If the GTG has four or more states, pick any state \(q_k\) that is not the start or the final state. It will be removed. For all \(o \neq k, p \neq k\), replace \(r_{op}\) with \(r_{op} + r_{ok}r^*_{kk}r_{kp}\).
When done, remove \(q_k\) and all its edges. Continue eliminating states until only two states are left.

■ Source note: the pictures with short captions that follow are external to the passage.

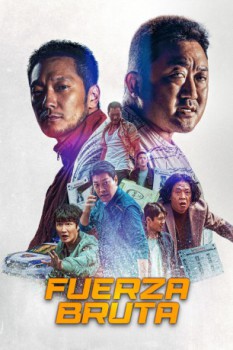 poster Fuerza bruta  (2022)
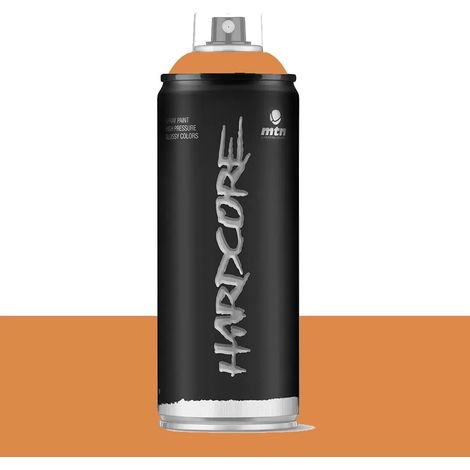 Bombe de peinture aérosol MTN Hardcore Mangue (RV-207) 0,4 L (1/2)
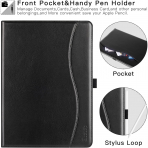 Ztotop Apple iPad A16 Deri Klf (11 in)-Black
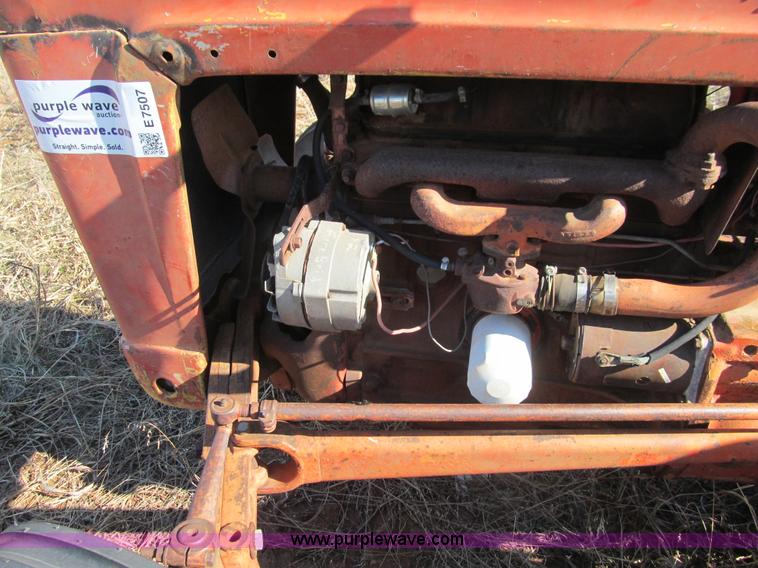 image for item E7507 Ford Workmaster 701 tractor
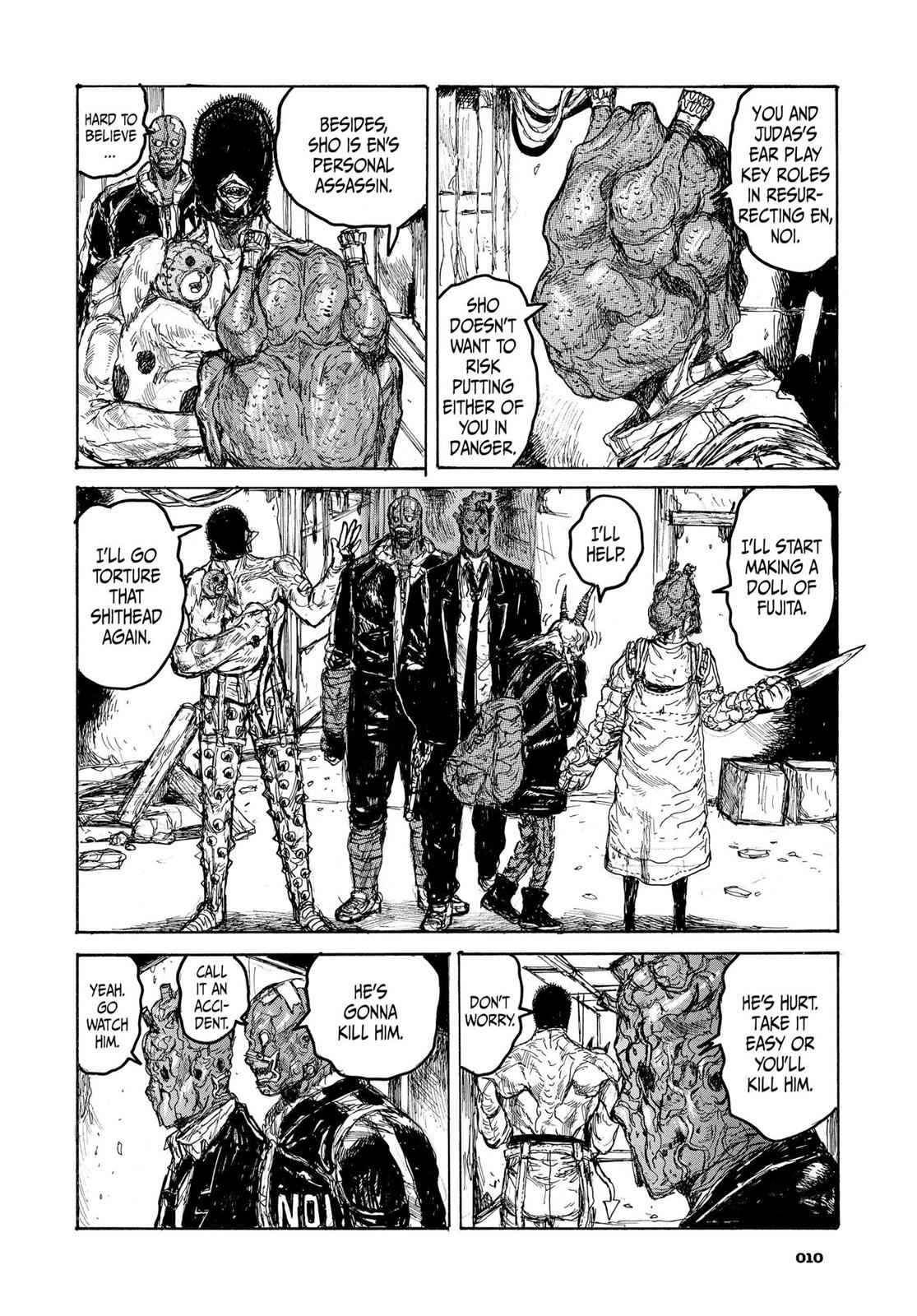 Dorohedoro Chap 102 - Next Chap 103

Finish with step (3).
In each step, we can simplify regular expressions \(r\) and \(s\) with any of these rules that apply:
\(r + r = r\) (OR a subset with itself is the same subset)\(s + r{}^{*}s = r{}^{*}s\) (OR a subset with a bigger subset is just the bigger subset)\(r + \emptyset = r\) (OR a subset with the empty set is just the subset)\(r\emptyset = \emptyset\) (Intersect a subset with the empty set yields the empty set)\(\emptyset^{*} = \{\lambda\}\) (Special case)\(r\lambda = r\) (Traversing a R.E. and then doing a free transition is just the same R.E.)\((\lambda + r)^{*} = r^{*}\) (Taking a free transition adds nothing.)\((\lambda + r)r^{*} = r^{*}\) (Being able to do an option extra \(r\) adds nothing)And similar rules.
You should convince yourself that, in this image, the right side is a proper re-creation of the left side. In other words, the R.E labeling the self-loop for the left state in the right machine is correctly characterizing all the ways that one can remain in state \(q_0\) of the left machine. Likewise, the R.E. labeling the edge from the left state to the right state in the machine on the right is correctly characterizing all the ways that one can go from \(q_0\) to \(q_2\) in the machine on the right.
We have now demonstrated that regular expressions are equivalent to DFAs. Meaning that given any regular expression, we have an algorithm to convert it to some DFA. And vice versa.